Timken ES302 is a thin-?lm, hard diamond-like carbon coating used to protect bearings. The ES302 coating uses a physical vapor-deposition technique that produces a vapor of material (which is then deposited on the object as a thin film) for an optimal level of friction reduction.


Not too long ago, wind operators and engineers began noticing a trend: roller bearings in turbine main shafts and gearboxes experienced premature damage, resulting in major rebuilds costing up to $300,000.


Bearings in turbines must withstand extreme environmental conditions, vibrations, and loads. What’s more is bearings are subject to combinations of dynamic loads that create high-contact stresses on rollers and raceways, which can lead to damage. These stresses are difficult to predict and challenge bearing manufacturers to develop new approaches to reducing premature wear.

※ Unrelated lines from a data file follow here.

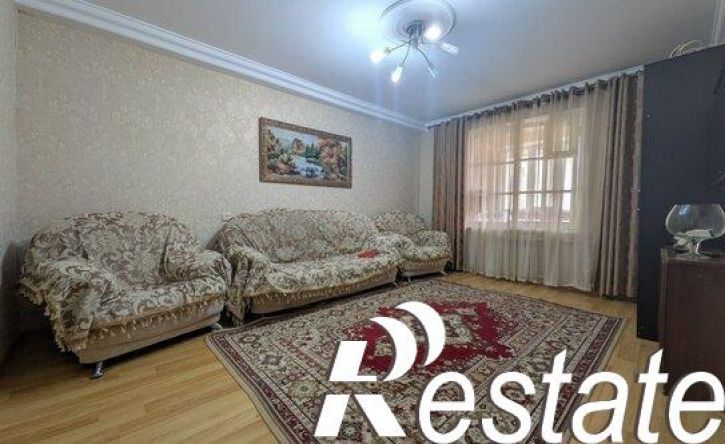 1-комн квартира улица Расулбекова, 21,  д. 21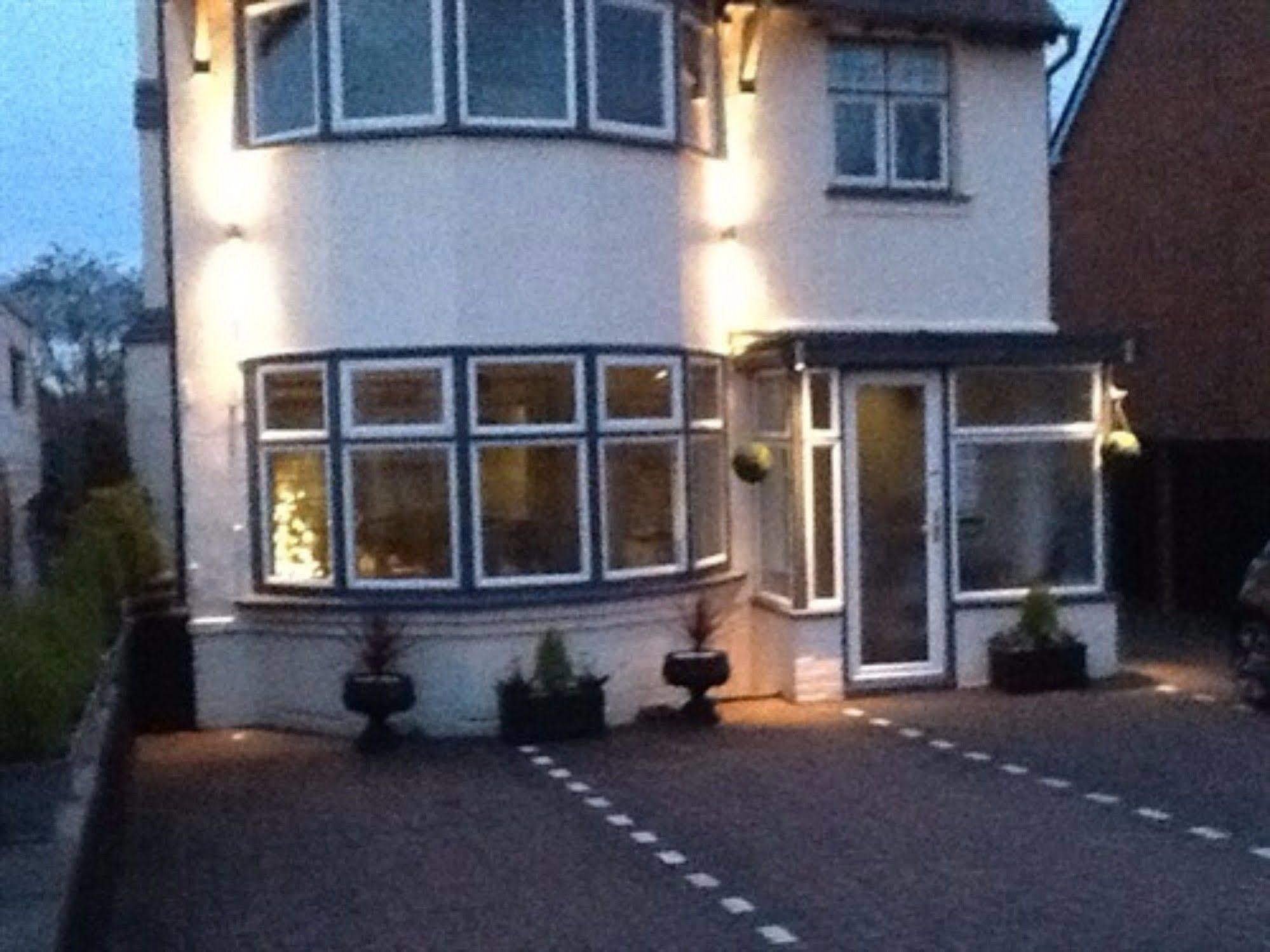 Hunters Moon Guest House Stratford-upon-Avon Ngoại thất bức ảnh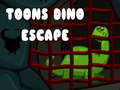 Spel Toons Dino Ontsnapping aanlyn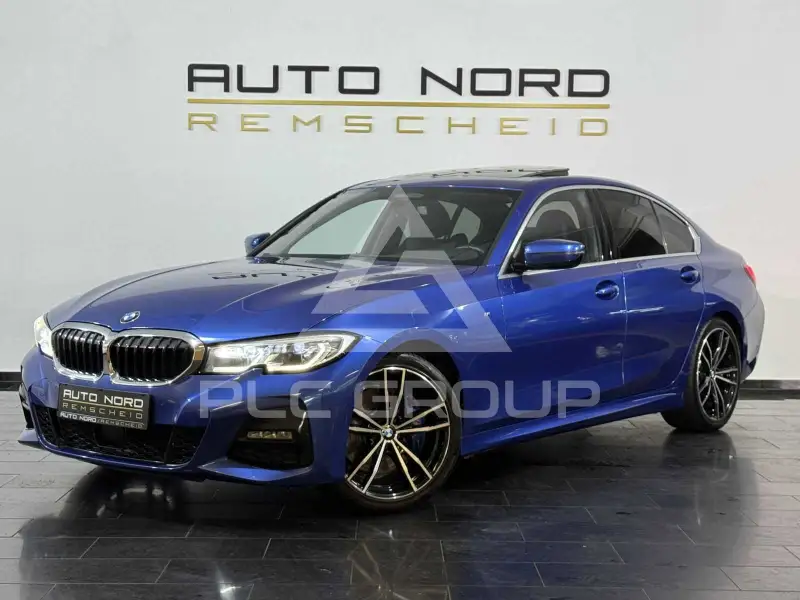 2020 BMW 330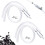 Brake Bleeder Hose with Check Valve 2-Pack 1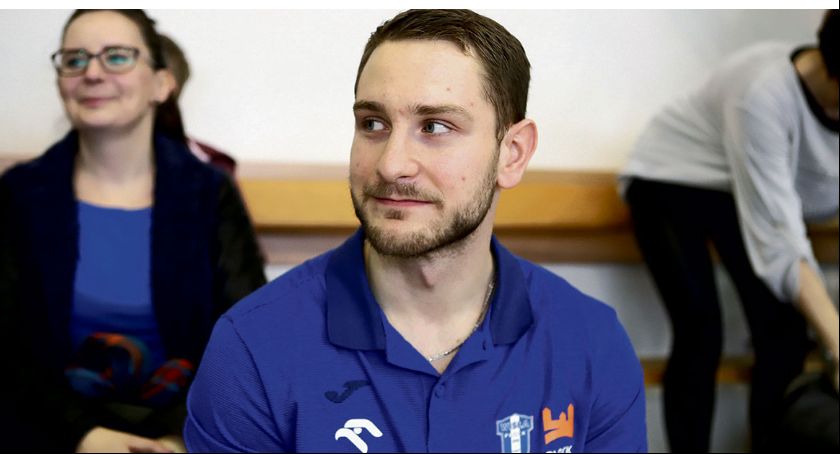 Czy Michał Daszek pojedzie na zgrupowanie kadry narodowej?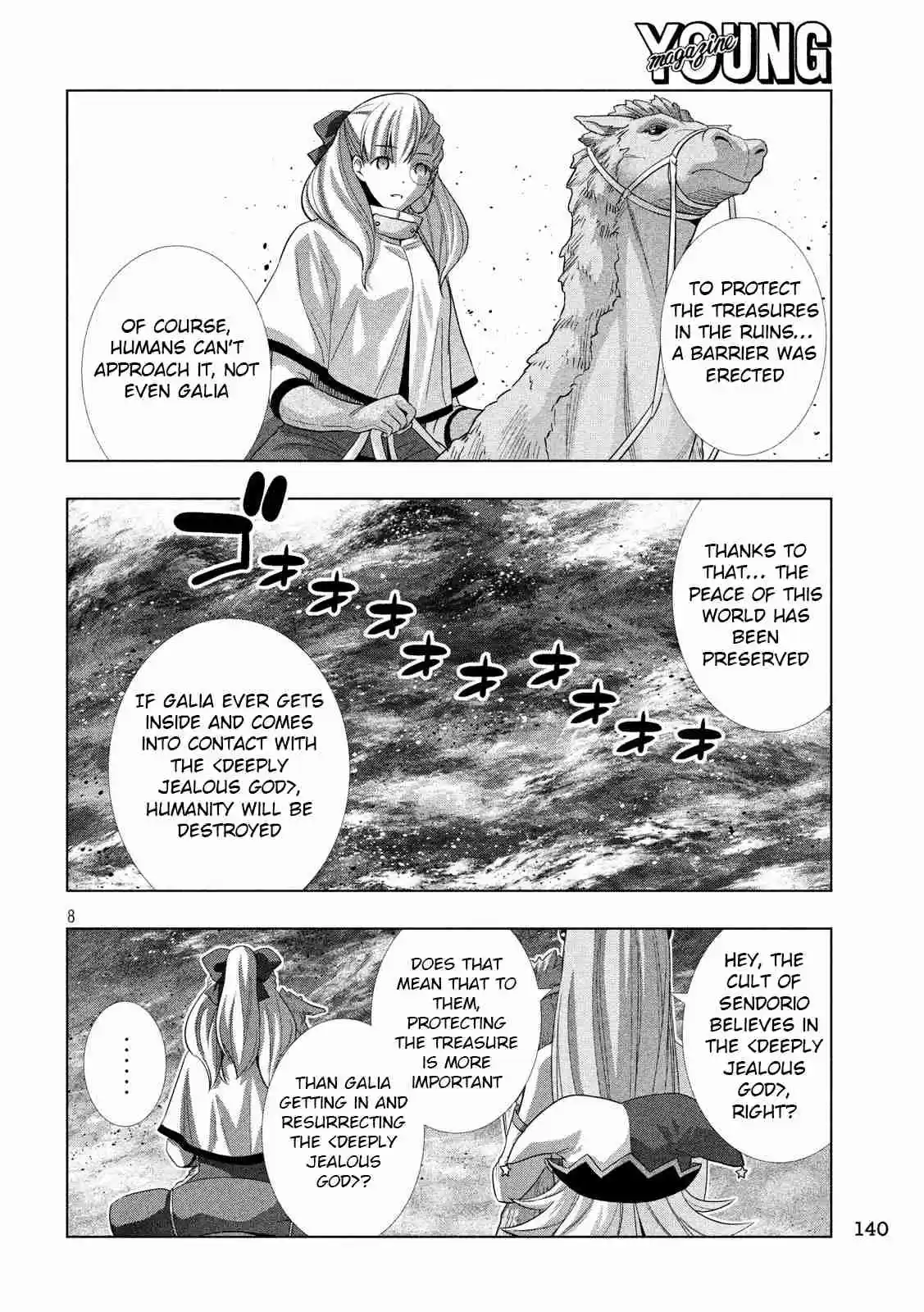 Parallel Paradise Ch. 70 Remnant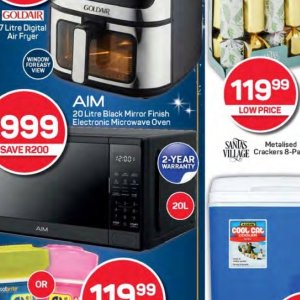 Microwave oven at Pick n Pay Hyper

“You never want the steel surfaces to touch in a bearing,” says Ryan Evans, director of research and development for bearings with The Timken Company. That seems like a tough demand because when you look at a roller bearing, you see rollers moving around in a tight space. But that’s the reason for lubrication — so there’s always a film between the roller and the inner raceway ring.”

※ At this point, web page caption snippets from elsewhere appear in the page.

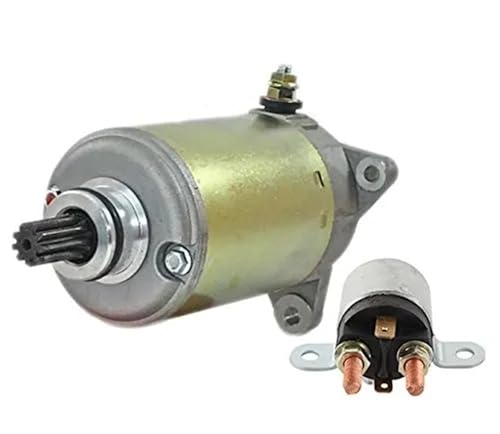 Démarreur Can-AM pour Outlander 800 et 1000 compatible pièces 420684560 et 420684562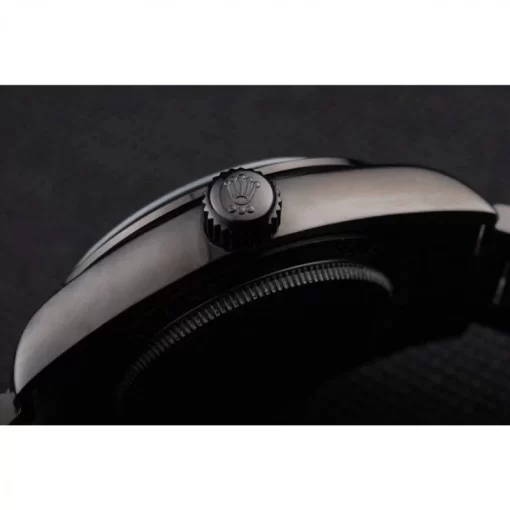Rolex Milgauss Pro-Hunter Tinted Green Saphire Black Dial PRL05090290 - 图片 7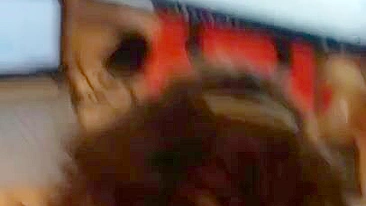 Garota iraniana rabuda leva pau XXX no cu de quatro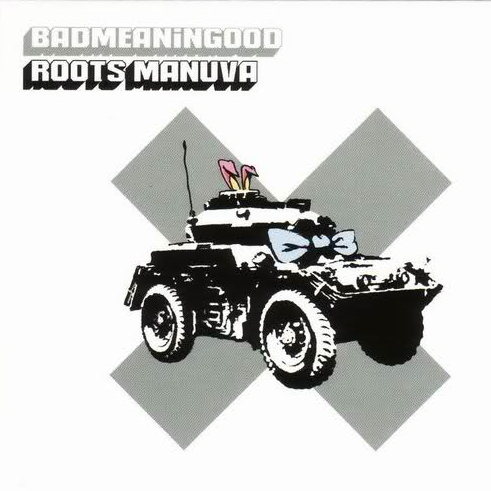 Pochette de Badmeaningood 2
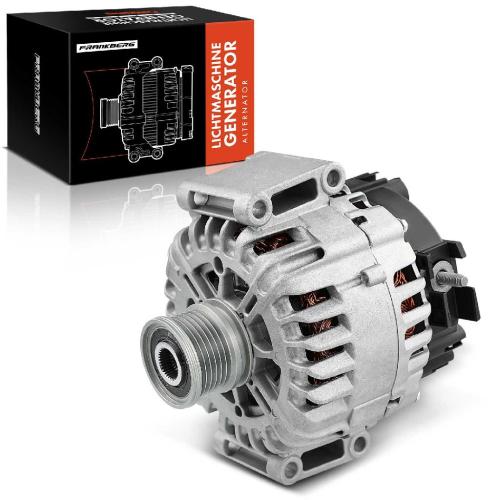 1x Lichtmaschine Generator für Mercedes-Benz B906 Sprinter 3,5-T 3-T 4,6-T 5-T Bild 1x Lichtmaschine Generator für Mercedes-Benz B906 Sprinter 3,5-T 3-T 4,6-T 5-T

Unfortunately, lubricant films are challenging to maintain consistently.


“So as engineers struggled to solve the steel-on-steel contact problems of a turbine’s bearings, a R&D team began developing a coating for roller bearings,” shared Evans.


Eventually, the team adopted a novel approach: making bearing rollers less “steel-like.” “We put a super-thin — fractions of a human hair thick — layer of a composite material on them,” says Evans. “It’s an engineered combination of ceramic and a polymer or, in other words, a plastic-like thin layer of material full of tiny ceramic particles.”


From this research, Timken’s ES302 coating was developed, which is a specially engineered nanostructure coating that aims to provide maximum durability where metal-on-metal contact occurs. To help wind-farm operators avoid unnecessary O&M costs, Timken can apply its ES302 coating to the rollers of main-shaft and gearbox bearings, resulting in a highly wear-resistant bearing that is ideal for low-speed, high-load applications.


Researchers first introduced ES302 in 2010 and conducted extensive analysis at the time that suggested an ES302-coated bearing (compared to an equivalent uncoated bearing) could experience up to six times greater life when operated in standard conditions, and up to three times greater life under debris-contaminated conditions in wind turbines.


Recently, these lab results were confirmed when an ES302-coated main-shaft spherical roller bearing was returned to the company (due to non-bearing-related issues) after seven years of service in a 1.5-MW wind turbine. Extensive laboratory analysis revealed the bearing would have continued to provide reliable, trouble-free operation into the 15 to 20-year time frame had it not been taken out of service.